Write back every line of the listing exactly, excluding images.

[[ Given material, beginning ]]

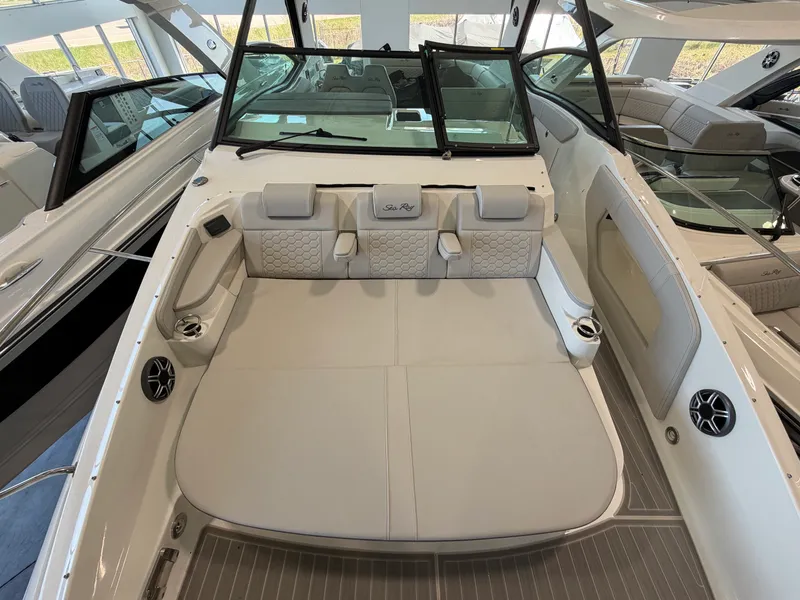 Slide: The Image of Sea Ray Sundancer 320 2026 - 49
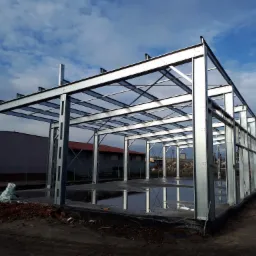 Konstrukcja GALBOX w trakcie montażu - jednospadowa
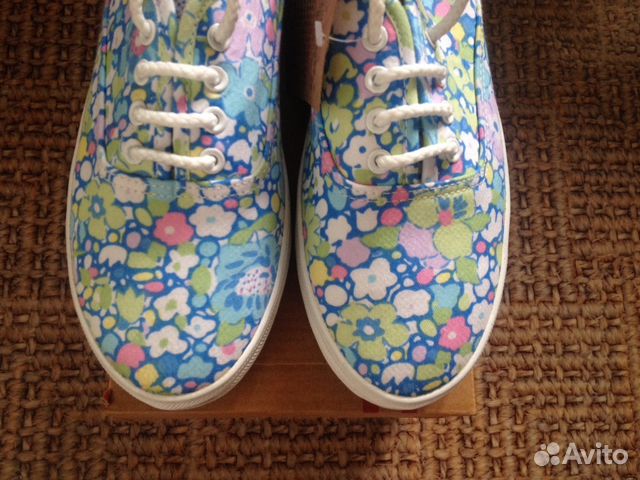 Новые кеды, кроссовки, лоферы, слипоны. цветы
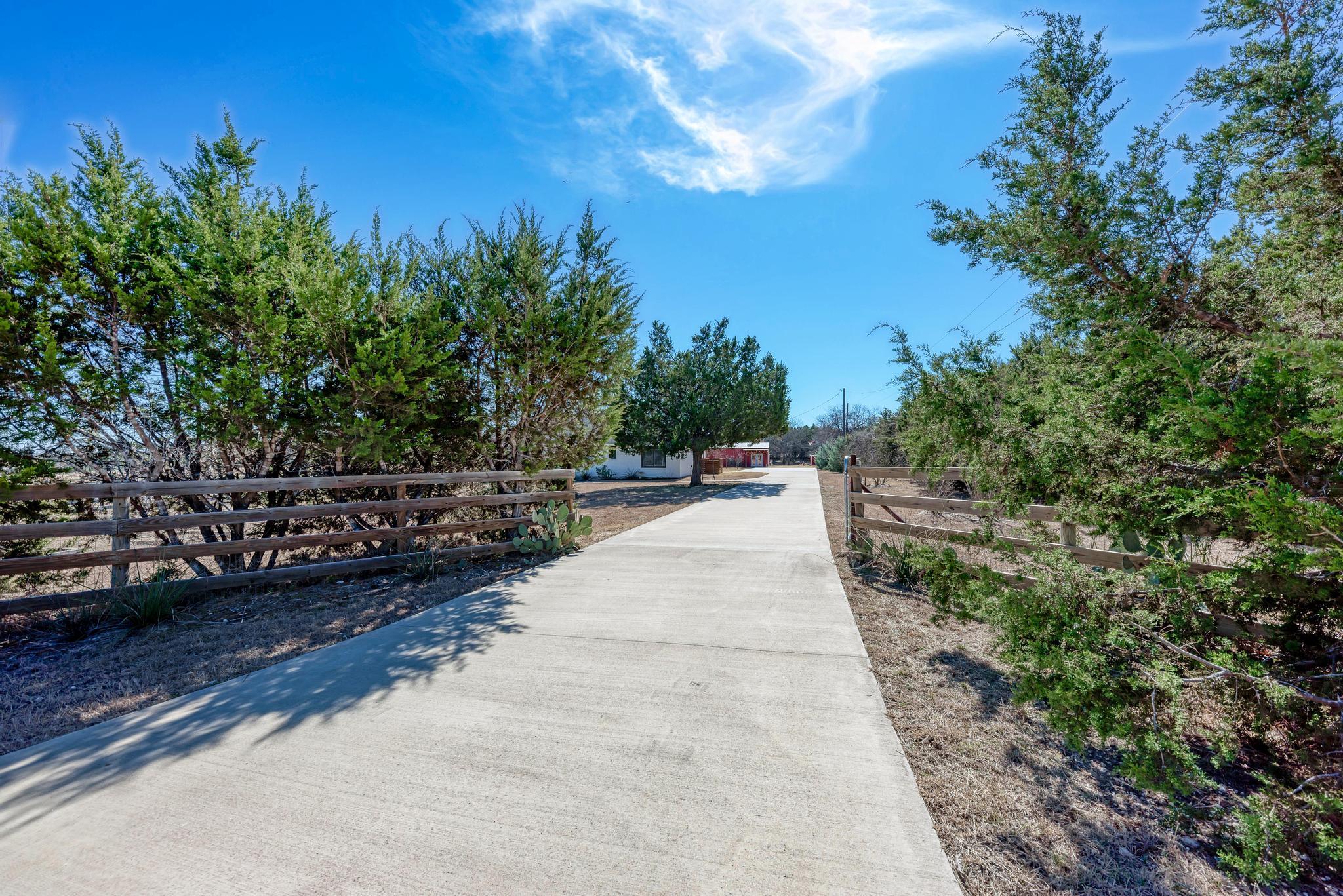 255 Glasscock Rd, Liberty Hill, TX 78642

[[ Given material, end ]]

Result for this task:
 Slide: The Image of Sea Ray Sundancer 320 2026 - 49
 Konstrukcja GALBOX w trakcie montażu - jednospadowa
 Новые кеды, кроссовки, лоферы, слипоны. цветы
 255 Glasscock Rd, Liberty Hill, TX 78642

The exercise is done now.